Sitting outside my studio, which is full of work, I take my shoes off and rub my feet in the cool grass of the shade – and I remember – I remember that I love walking on grass. I love the way each blade slips effortlessly between each toe and the coolness of the ground soothing my rough skinned feet. I think why do I not do this more – why do I never do this – why do I never give into the things that I enjoy – always putting the shit of others before my likes.

Rubbing my feet in the grass, I let my mind wander to the other things that I have forgotten I like. Going to the beach – no one ever wants to go – so I don’t go – I feel like a beach trip is too frivolous for me and a petrol waste on just one person – me. I love the breeze – the air- the isolation – the solitude – the space as I look into the horizon. I love a flask – a can of really cold diet coke – I love the sand sticking to my sun cream lathered skin.

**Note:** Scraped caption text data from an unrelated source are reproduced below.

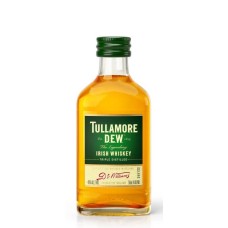 Виски Tullamore Dew, Original / Тюлламор Дью, Ориджинал, 40%, 0.05 л
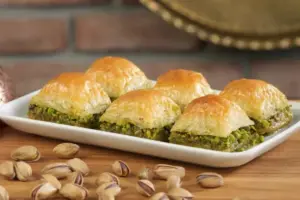 Baklava Nasıl Yapılır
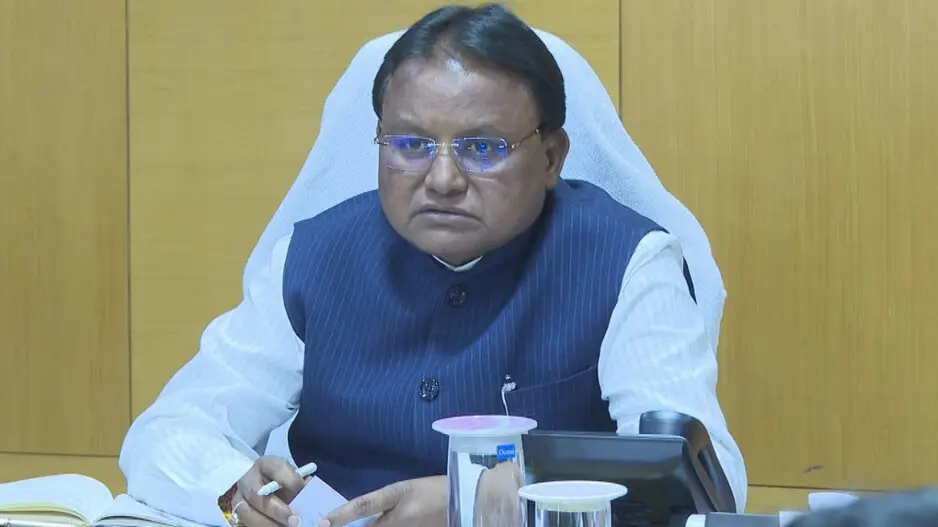 You are in safe hands: Odisha CM on cyclone Dana preparedness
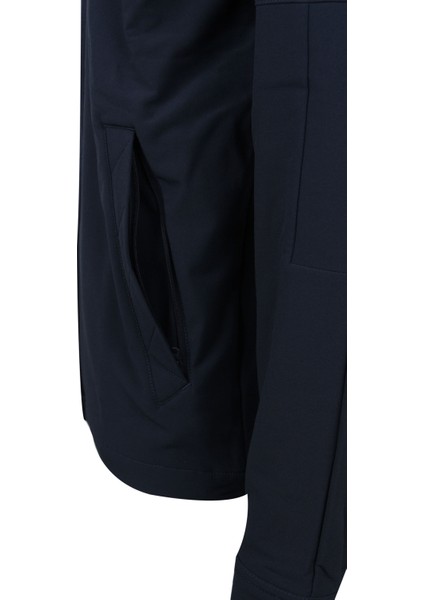 Basket Warm Up Sweat 24/25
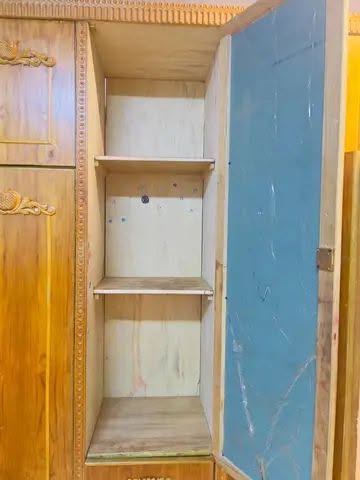 شقق خضراء موصل • ٥ أبواب • حيل نضيف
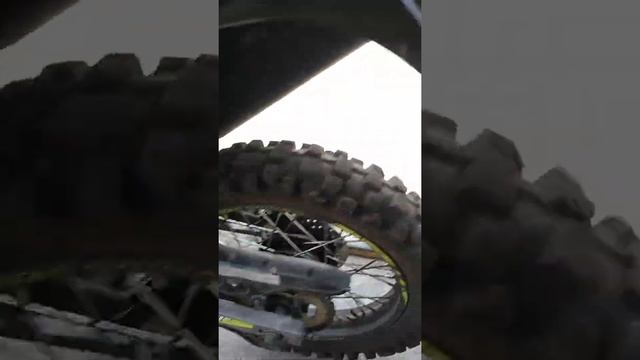 Ajuste de cadena de Moto Vento Crozzmax PRO 250 смотреть онлайн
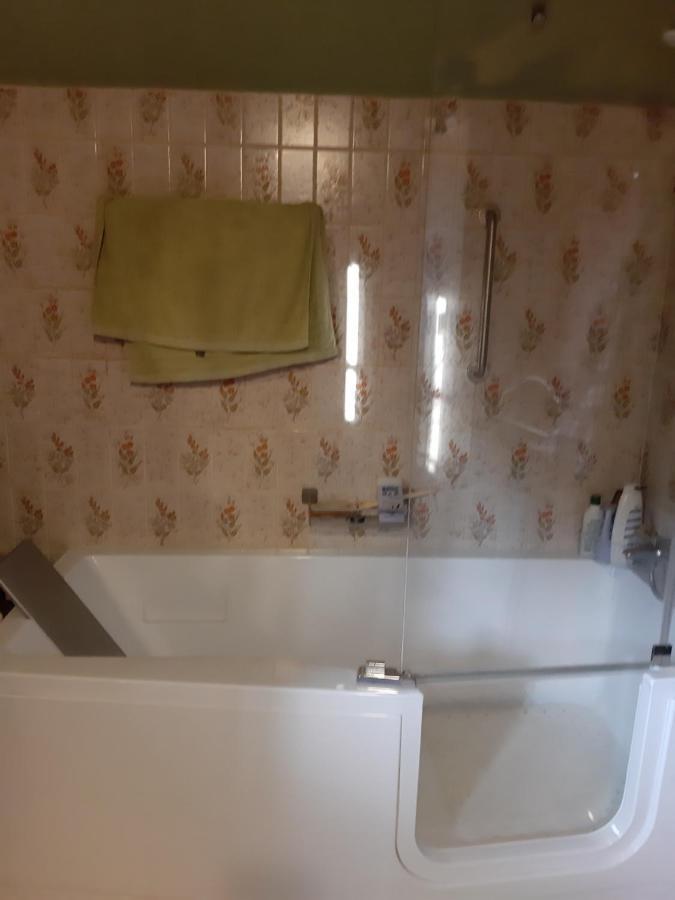 Chambres Chez Nanou Avec Petit Dejeuner Chimay Ngoại thất bức ảnh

I love to swim – I really love to swim – I like the water holding me as I move through the water – I love an empty pool in the early morning and I get out as it just starts to get busy. I had forgotten that – it seemed too frivolous to pay to go swimming when other things needed paying for and other things needed doing.

I love to write – I have a book – a memoir that needs to be typed up – the words not feeling important to be shared – they would laugh at me – nobody would get it – feeling that I would bore people with my words. I didn’t know I loved to write until I started – but I do – I had felt too stupid to write – too dyslexic to carve the story of my life into the words on a page.

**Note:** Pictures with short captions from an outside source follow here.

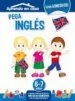 AudioLibro Pega Ingles (6-7 Años) Aprendo en Casa de Varios Autores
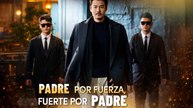 [Doblado ESP] Padre por fuerza, fuerte por padre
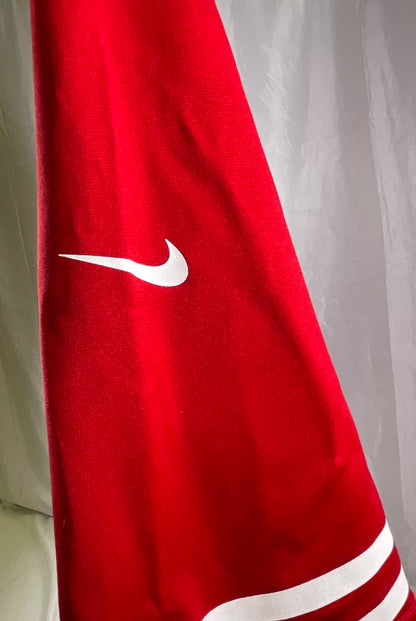 Justin Smith San Francisco 49ers NFL Licensed Nike Jersey #94 Size XXL New Without Tags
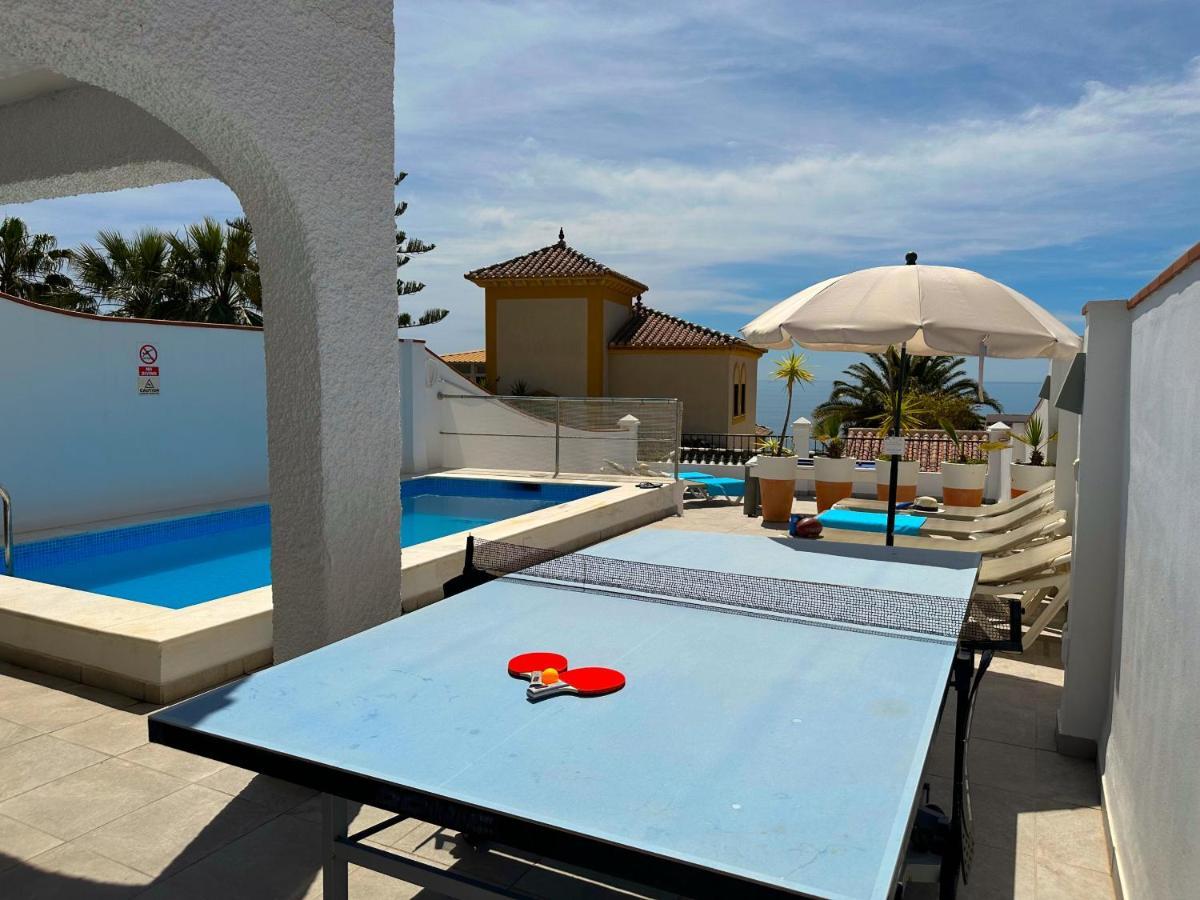 Pousada Paradise - Dos Ardillas Nerja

I love to travel – I never have but when I have I love it. The freedom the newness – the warm air brushing my skin in the evening - I love the early mornings in a new place – so full of hope – so full of promise but without expectation – an experience to be drunk in with a whole heart. I love coffee in a piazza – with sugar – watching life – watching others as they breathe into their own lives.

I love the stillness of the early, early morning, I get up early but I don’t go out into it – fearful I will be needed for something – a shirt – a pair of trousers that have not been washed because they have been missing in action for days – I give up the stillness as I carry the weight of responsibility of others – this weight – this binding – these feelings have made me loose myself.

Something has changed – I don’t know what but it has – I want to remember who I am – or I want to be who I am now.

I want to write, I want to swim, I want to go to the beach, I want to travel, I want to absorb myself into the early mornings – I want to step into my life as I head towards 50 – not apologising for me – explaining away my art – apologising for having an opinion – apologising for talking in a crowd – I want to make a decision about what I want to do above others – rather than jumping into the slip stream of others.

Sat in my studio – my work on my walls – I can see me – the writing beside each piece really explaining what it is about. It is there for reading – it may be rewritten at some point – my words may develop – my thoughts may change – but I will not apologise.

This is working progress – this is the start of a long process to shake off the need to apologise – to begin to do the things that I love again – to find out my favourite colour – to be inquisitive but never to apologise to taking up space – never apologise for being me.